Moreover, the will was probated in common form when the chancery clerk, Mr. Roy Ellzey, the attorney, Joe N. Pigott, Mrs. Doris Cleo McLain, Mr. J. H. Ward-law and several others were used as witnesses and most of whom testified as to the want of undue influence in connection with the execution of the will, and there was no testimony to the contrary.

Section 507, Code of 1942, Rec., provides: ‘ ‘ On the trial of an issue made up to determine the validity of *838a will which has heen duly admitted to probate, such probate shall be prima facie evidence of the validity of the will.”

As to the cases of Croft v. Alder, 237 Miss. 713, 115 So. 2d 683 and Ham v. Ham, 146 Miss. 161, 110 So. 583, we think that the factual situation involved in those cases readily distinguish the same from the case at bar.

The appellants on this appeal contend that there was a confidential relationship existing between the testator and his brother, Isadore Mingo, and they rely somewhat on the fact that the testator executed a power of attorney 4 months after the execution of the will and that this power of attorney authorized Isadore Mingo to look after the property of the testator in Chicago, Illinois, but the appellants introduced as an adverse witness Isadore Mingo and he explained that while he had made some trips to Chicago for the testator he had a pass on the railroad, being- an employee of the railroad company, and that he merely went to Chicago to look at the property of the testator and to check over the account at the real estate office where the monthly rents were collected by a real estate firm as agent for the testator; that this real estate firm remitted the rent every month to the testator and the proof further disclosed that Isadore Mingo did not even know whether Jesse had a bank account or where it was kept, or what he did with the money that he collected each month for rent. In other words, except for executing the power of attorney hereinbefore mentioned, there was no proof that Isadore Mingo assisted the testator in any manner in the management of his affairs. Then too, the proof showed without conflict that Isadore Mingo was not even present at the time the will was executed and that while his brother Jesse had said to him that he wanted to write a will and wanted to know what attorney to see that Isadore merely stated to him that “I will ask my boss man (meaning Mr. Wardlaw) and get him to *839recommend someone”, which was done, according to the testimony of Mr. Wardlaw and of Isadore.

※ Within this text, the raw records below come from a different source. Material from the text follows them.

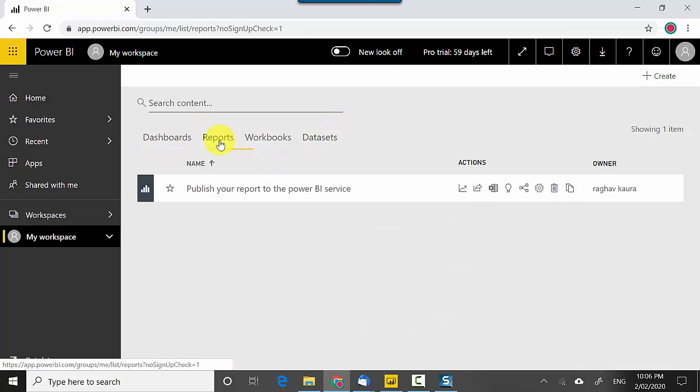Once I publish a report it also puts up a dataset. A report is tied to a dataset. A dataset can have multiple reports but it can be one to many relationships. A report can only get data from one particular dataset and this is my report.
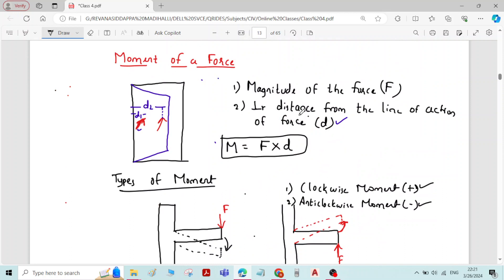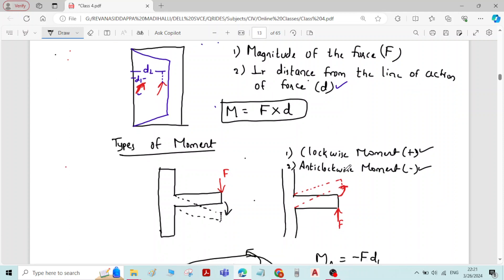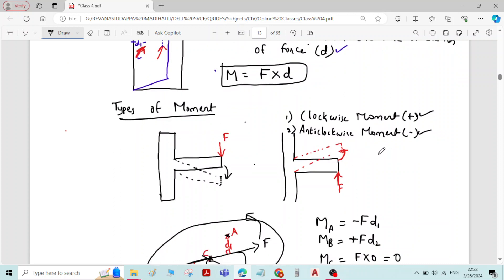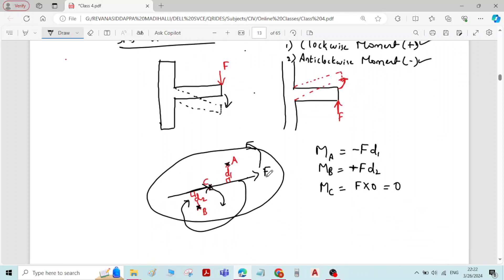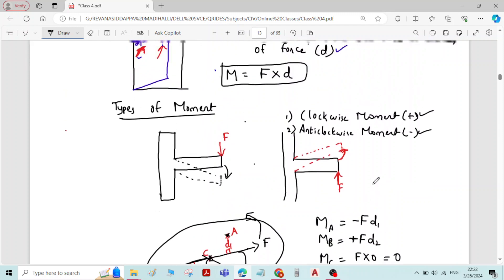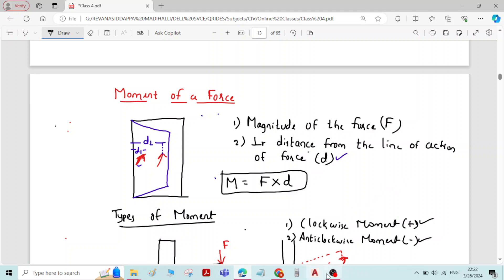To summarize: moment is the rotational effect of a force on a body. The types of moment are clockwise moment and anticlockwise moment. If a force tends to rotate the body in the clockwise direction, it is a clockwise moment represented by a positive sign. If it tends to rotate in the anticlockwise direction, it is an anticlockwise moment represented by a negative sign. We also determined moments at different points in an example. Thank you.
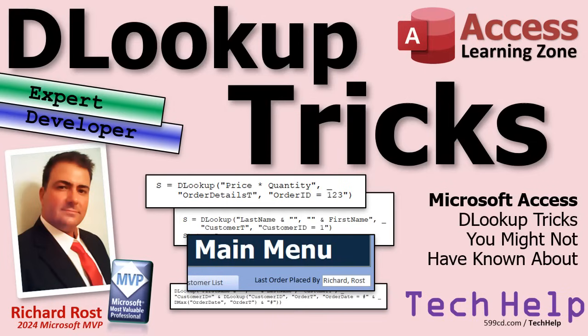Welcome to another tech help video brought to you by AccessLearningZone.com. I'm your instructor Richard Rost. Today we're going to go over DLookup tricks you might not have known about. Are you ready? Here we go.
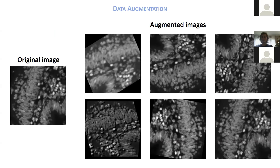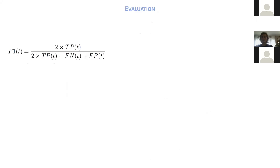An important technique when you have a small training dataset is data augmentation — a simple way to increase the number of training images by applying mathematical operations. You can apply rotations, flips, intensity changes, contrast adjustments, and blurring. You apply the same operation to both the image and its mask, artificially increasing the training dataset size. This can already help quite a bit.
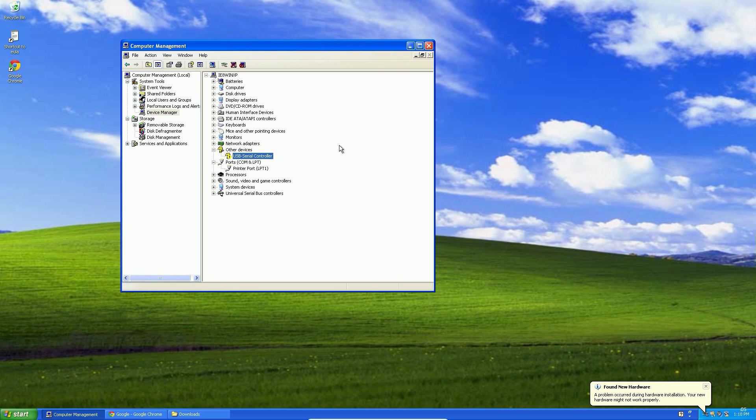Here comes the tricky part. Every single board of many non-original clones which you can purchase on eBay or Amazon may require different drivers due to different chips in it.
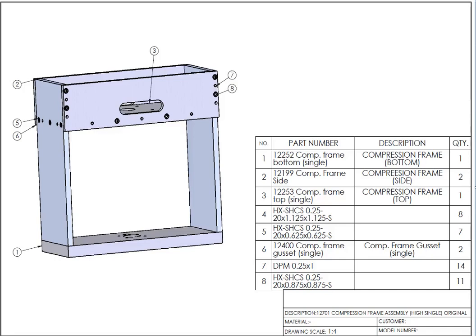Welcome back to the tutorial how to read engineering drawings. Today we're going to talk about assembly drawings. On the screen you can see an assembly drawing.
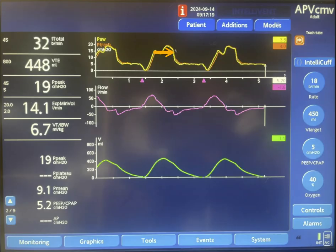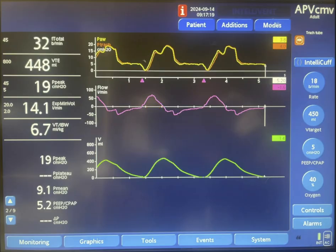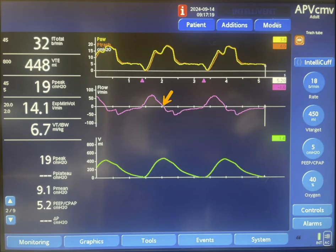The machine cycles at this point — meaning going from inspiration to expiration. The inspiratory time of the machine is set longer than the inspiratory time of the patient. So what we have in this case is delayed cycling, meaning the machine's cycling time is longer than the patient's cycling time. The patient exhales at this point, but the machine goes into expiration at this later point.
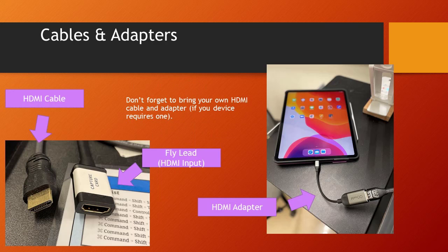As we mentioned, there's a fly lead from the Elgato video capture card that sits on top of the lectern. It's labeled as fly lead HDMI input and looks like a common plug you would find on the back of a TV or monitor. To the left of that is an HDMI cable. You are responsible for bringing your own HDMI cable for your device. Don't forget to bring an HDMI cable. That plugs into the fly lead with the white label.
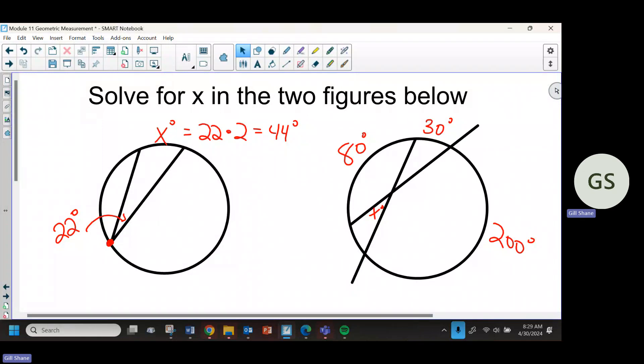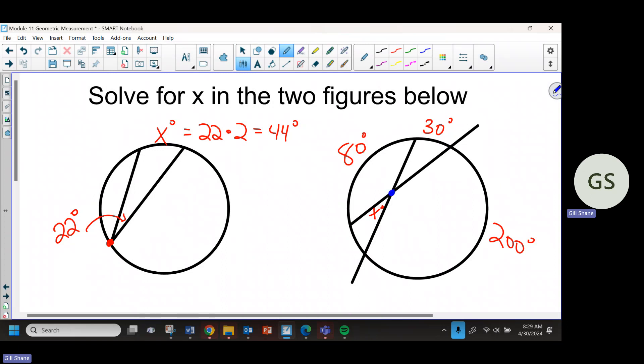So again, when you see the vertex of the angle on the circle, you multiply the angle times two to get the arc, or you divide the arc by two to get the angle. I'm still seeing people do that same thing on different problems. It is not the same math. If the vertex of the angle is not on the circle, then we don't just multiply by two. The only time we multiply by two is when it's on the circle.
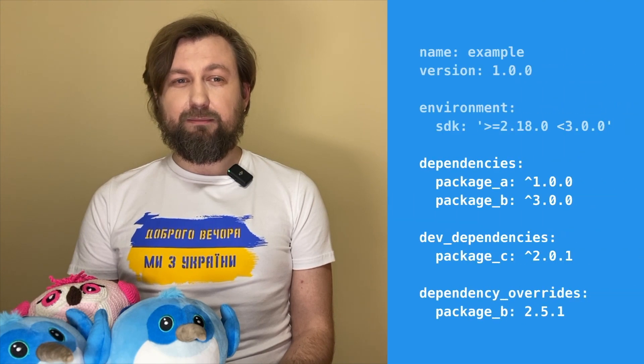Dependency management is a technique for distributing and referencing dependencies in your application's codebase. We specify the configuration for the dependency manager in a well-known pubspec.yml file. Let's check this simple pubspec.yml file.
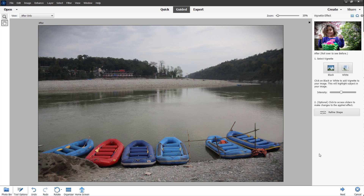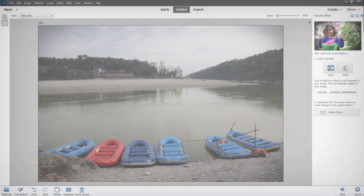That is how you can use the guided vignette effect inside Adobe Photoshop Elements. I hope you learned something as always. Please like, comment, share and subscribe.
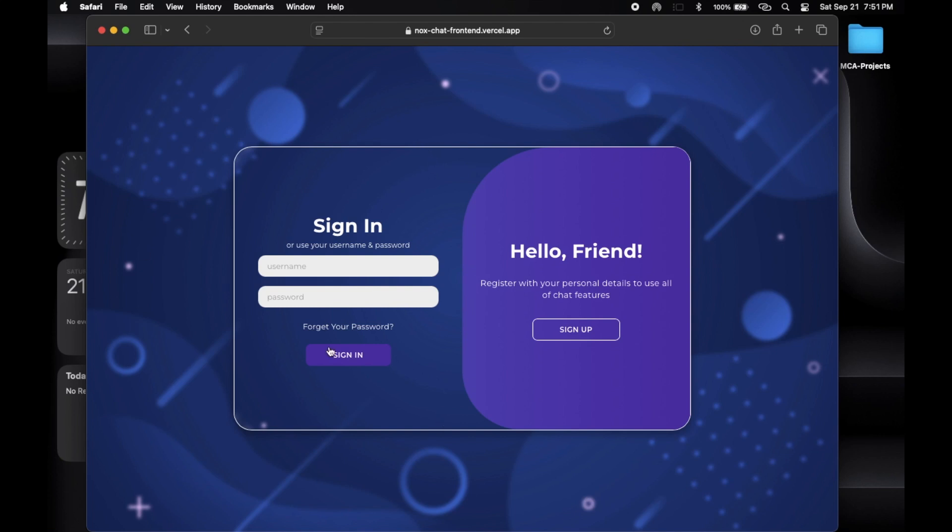Hey everyone, today I am super excited to share my latest project with you. It's a real-time chat application built with MERN stack. Let's dive right in.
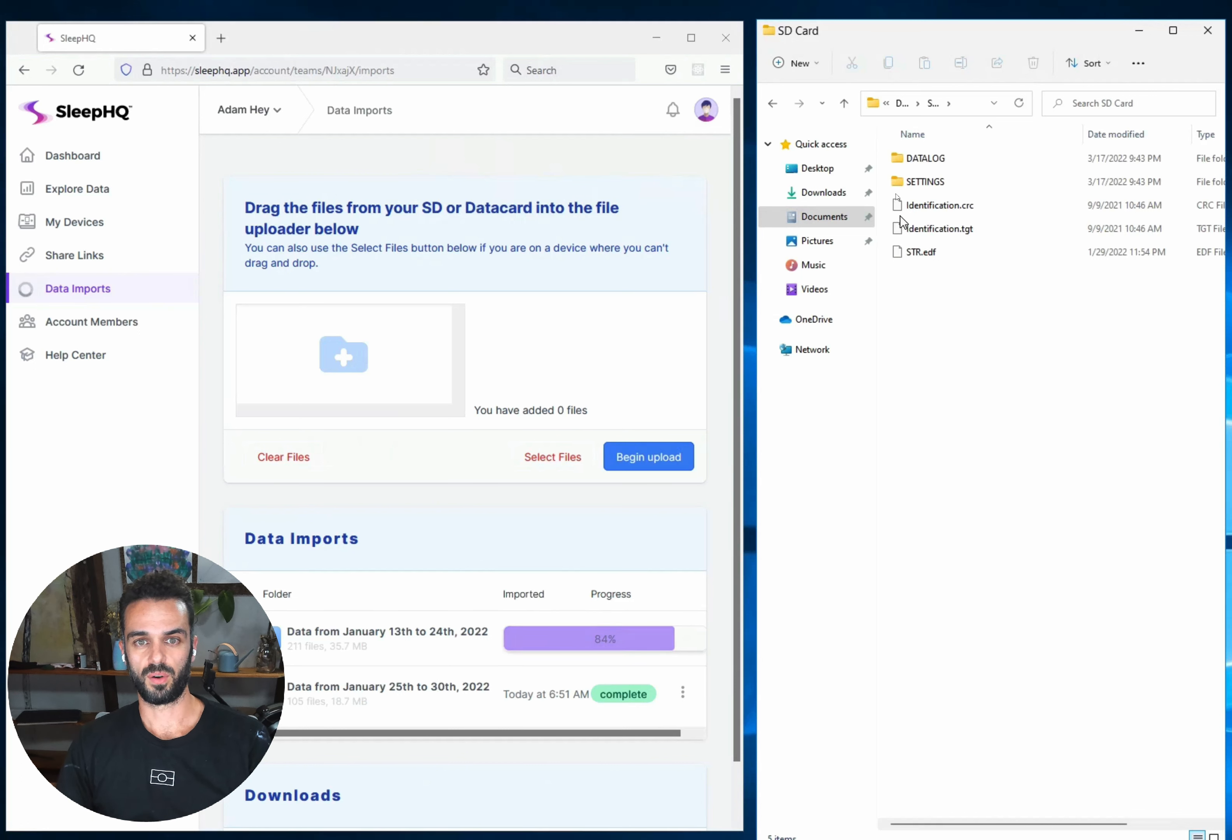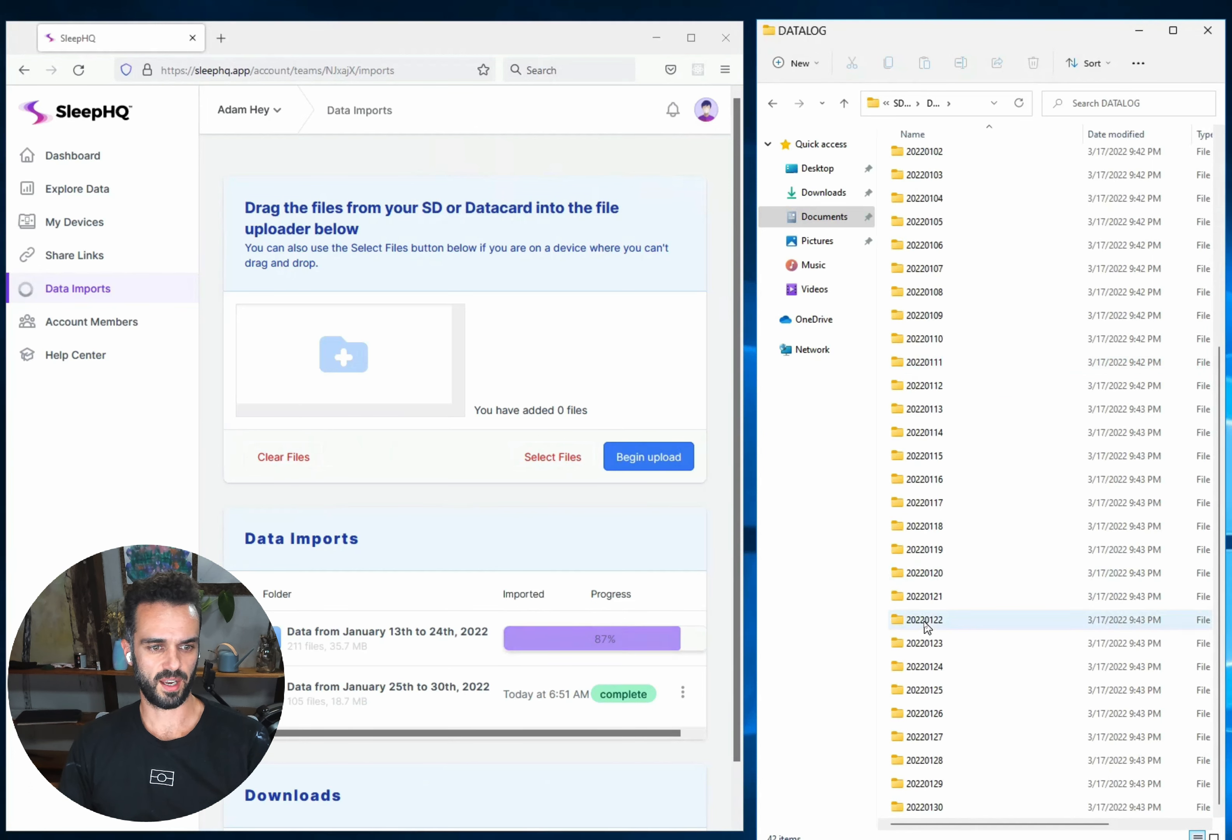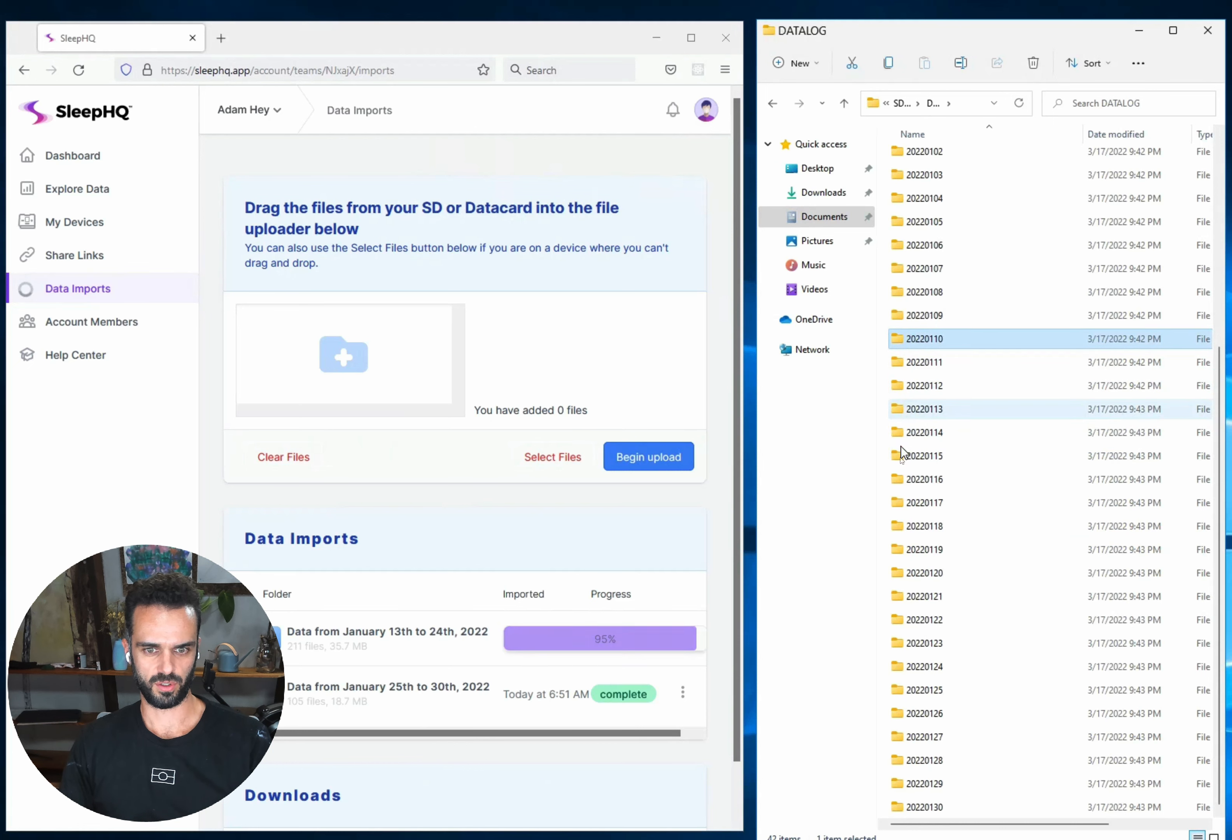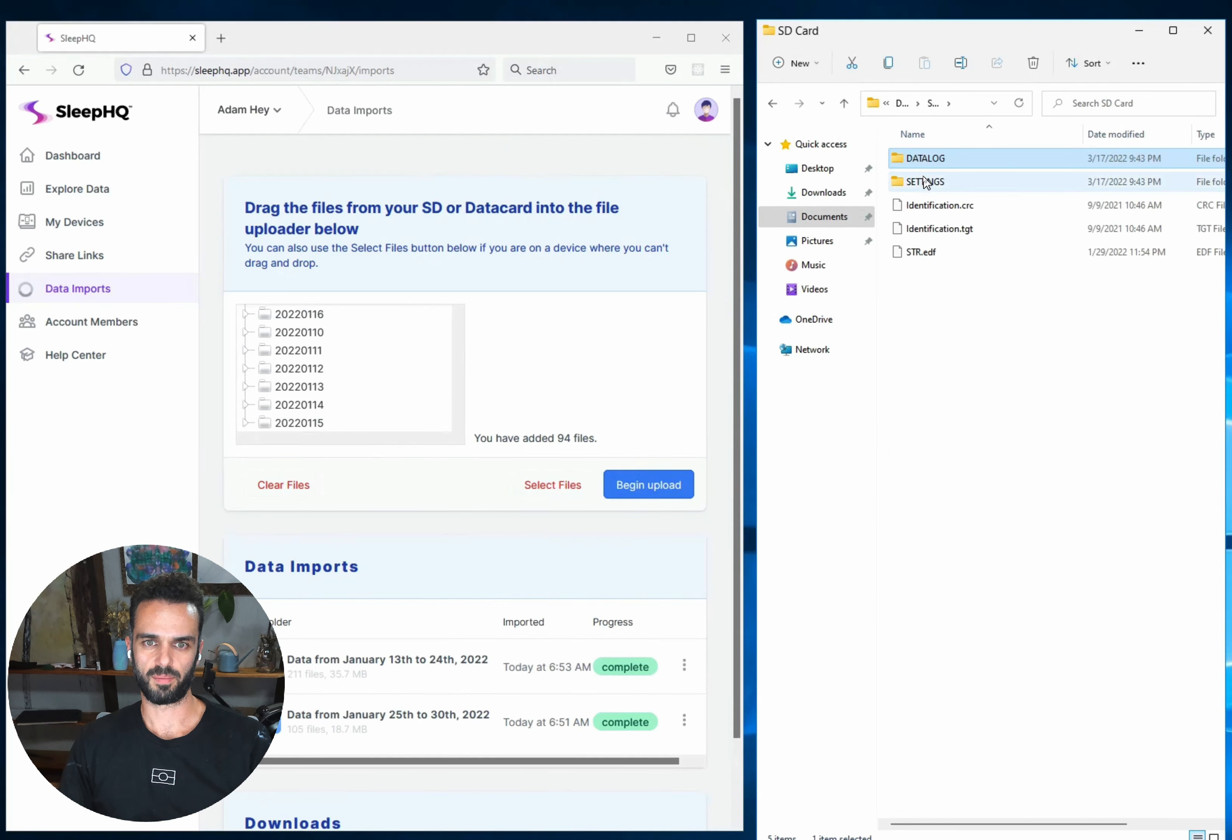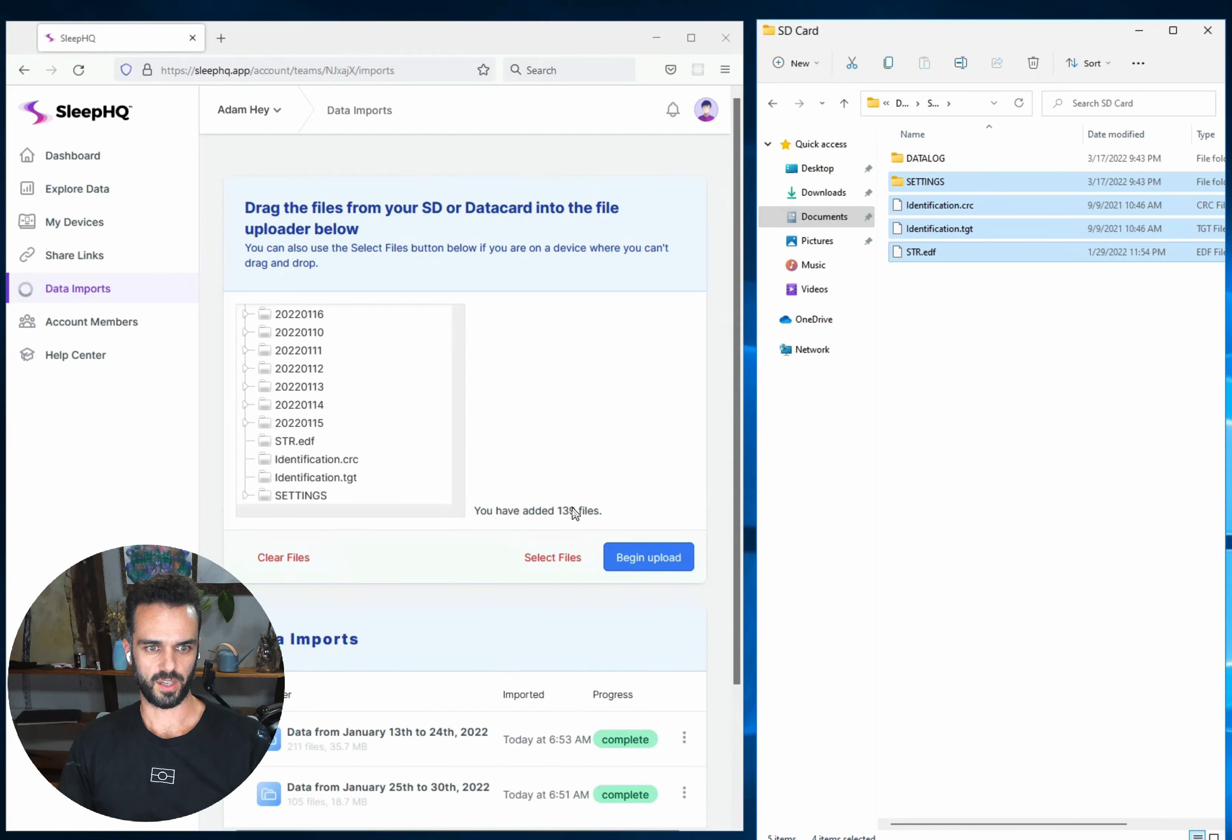You can go in there, go into your data log folder. If you do duplicate some of those days, like say I was going to upload now from the 10th to the 13th of January. Let's do this as a little demonstration. We're going to grab everything from the 10th to the 16th of January. So we're going to double up on some of that data that we've already imported. And now I'm going to grab my top level folders because I always need to drag them in. So we're adding 139 files and I'm going to say begin upload.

Finally the appellants make the point that the chancellor made no finding on the question of undue influence. However the chancellor did say in a finding of fact the following: The proponents have proven by two of the witnesses at the time he made the will that he was competent to make a will on that day, and nobody said anything to the contrary regardless of what his general health might have been, either before or after that time. He was according to this testimony mentally competent, and under no disabilities, infirmities or anything else that would prohibit him from making a good will. ’ ’

We think that the appellants failed to establish either of the grounds relied upon in their contest of this will and that the action of the chancellor in dismissing the contest was amply supported by the evidence and that the decree dismissing the contest should he, and the same is, hereby affirmed.

Affirmed.

Kyle, Ethridge, Gillespie cmd McElroy, JJ., concur.